══ DATASET RECORDS ══
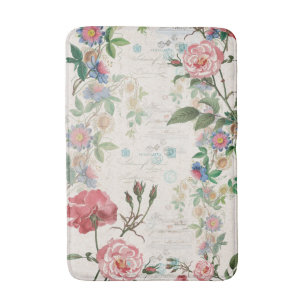 Tapis de bain floral de Passionflower rose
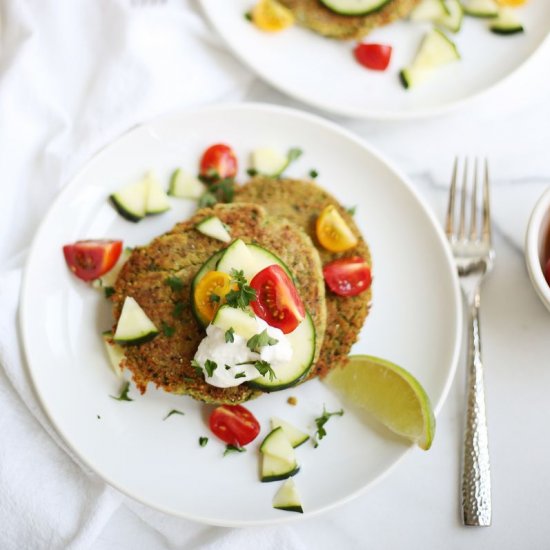 Baked Quinoa Falafel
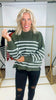 The Tessa Exposed Seam Striped Oversized Sweater | Zenana (8 COLORS) *DEAL*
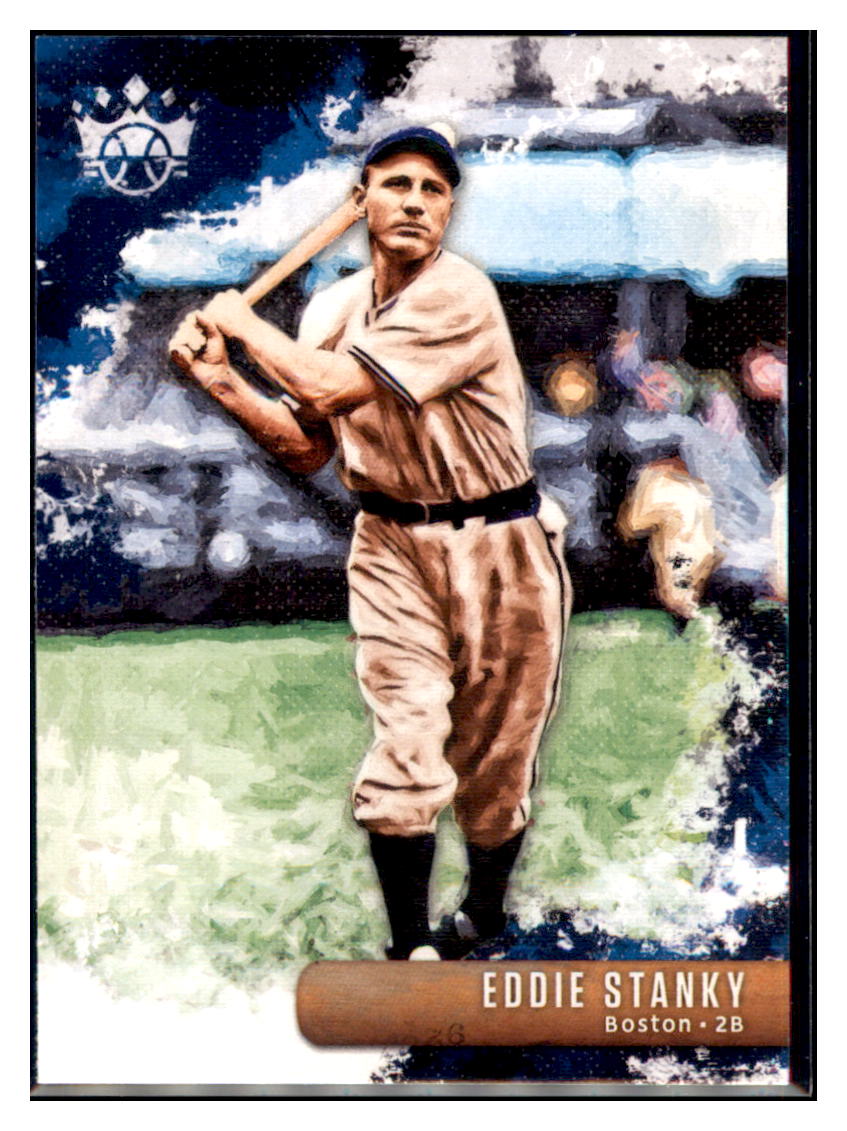 2019 Panini Diamond Kings Eddie
  Stanky  Boston Braves #9 Baseball
  card   M32P2 simple Xclusive Collectibles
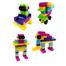 206 Pcs Building Blocks Puzzle Blocks for Kids Bucket to Store the item (HJ3606) image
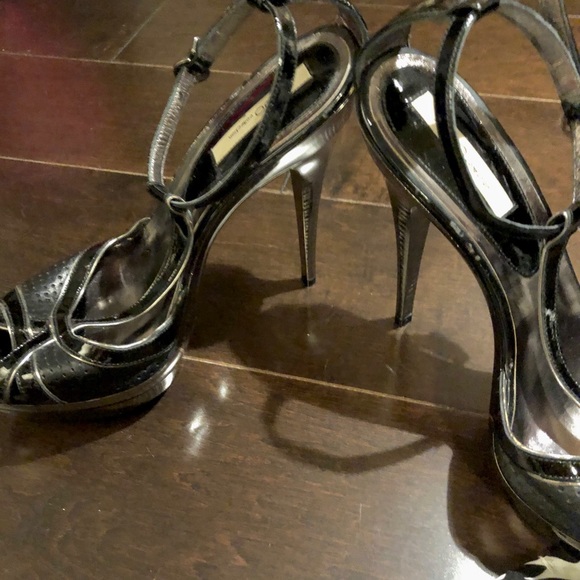 NEW NEVER WORN gunmetal Aldo collection heels sz 8 - Picture 3 of 8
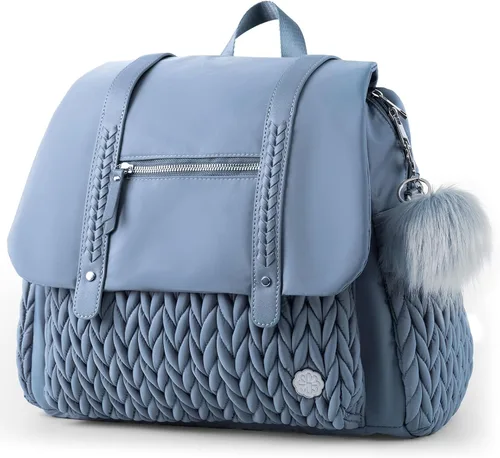 Miniatura 8 de Mochila para pañales de gran capacidad, bolsa de viaje para mamá, impermeable y elegante con cambiador, bolsa de bebé para mujeres y niñas Rosa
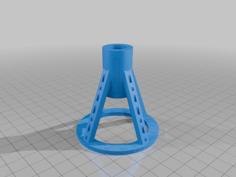 Headphone Mic Stand 3D Printer Model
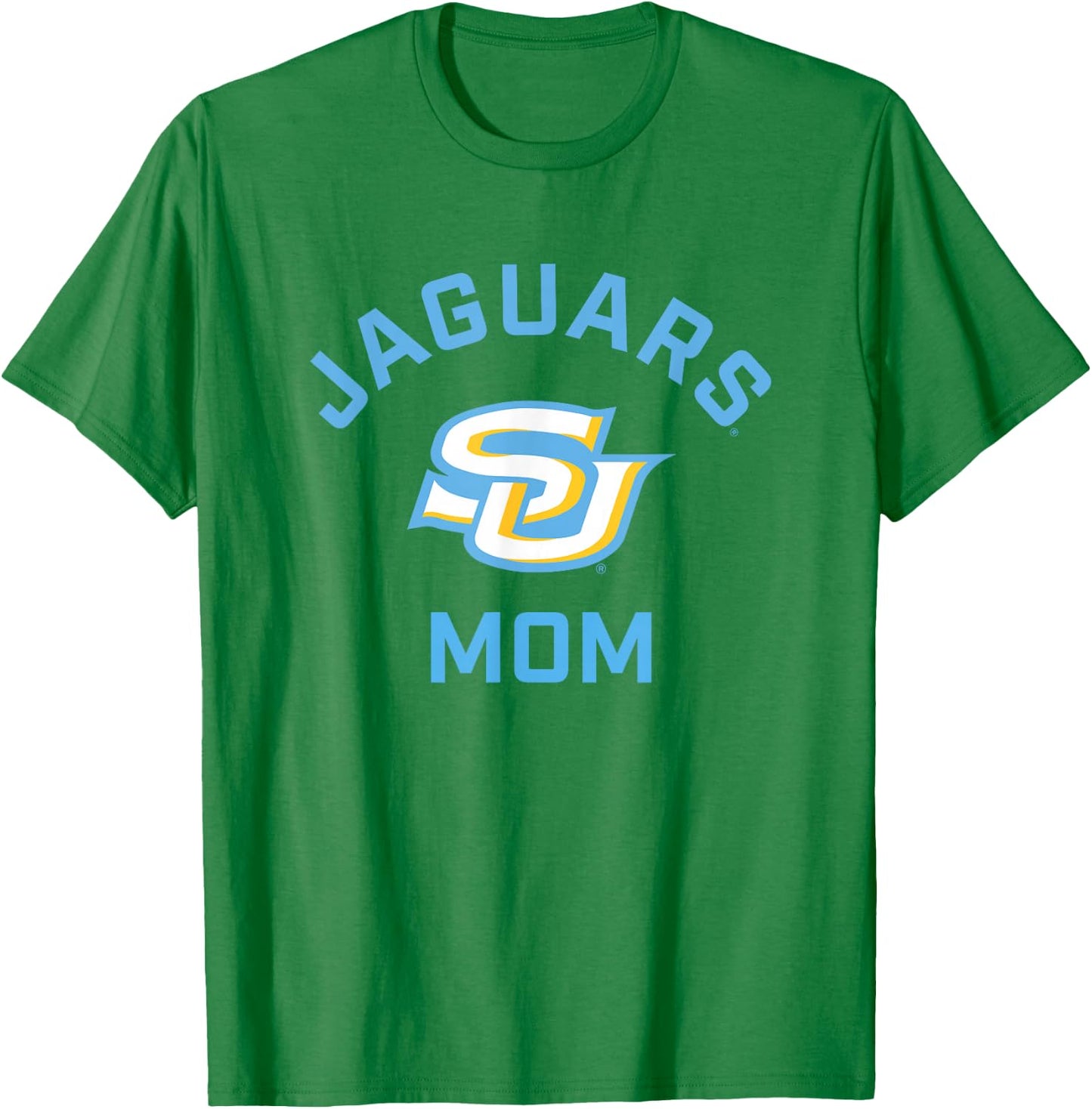 Southern University Jaguars Arched Mom T-Shirt - T-Shirt | Irish Green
═══
Please return only the lines running from the line with "2019 Panini Diamond Kings Eddie" to the final line of the data, both included, exactly and without any pictures.

ANSWER TO THIS TASK.
 2019 Panini Diamond Kings Eddie
  Stanky  Boston Braves #9 Baseball
  card   M32P2 simple Xclusive Collectibles
 206 Pcs Building Blocks Puzzle Blocks for Kids Bucket to Store the item (HJ3606) image
 NEW NEVER WORN gunmetal Aldo collection heels sz 8 - Picture 3 of 8
 Miniatura 8 de Mochila para pañales de gran capacidad, bolsa de viaje para mamá, impermeable y elegante con cambiador, bolsa de bebé para mujeres y niñas Rosa
 Headphone Mic Stand 3D Printer Model
 Southern University Jaguars Arched Mom T-Shirt - T-Shirt | Irish Green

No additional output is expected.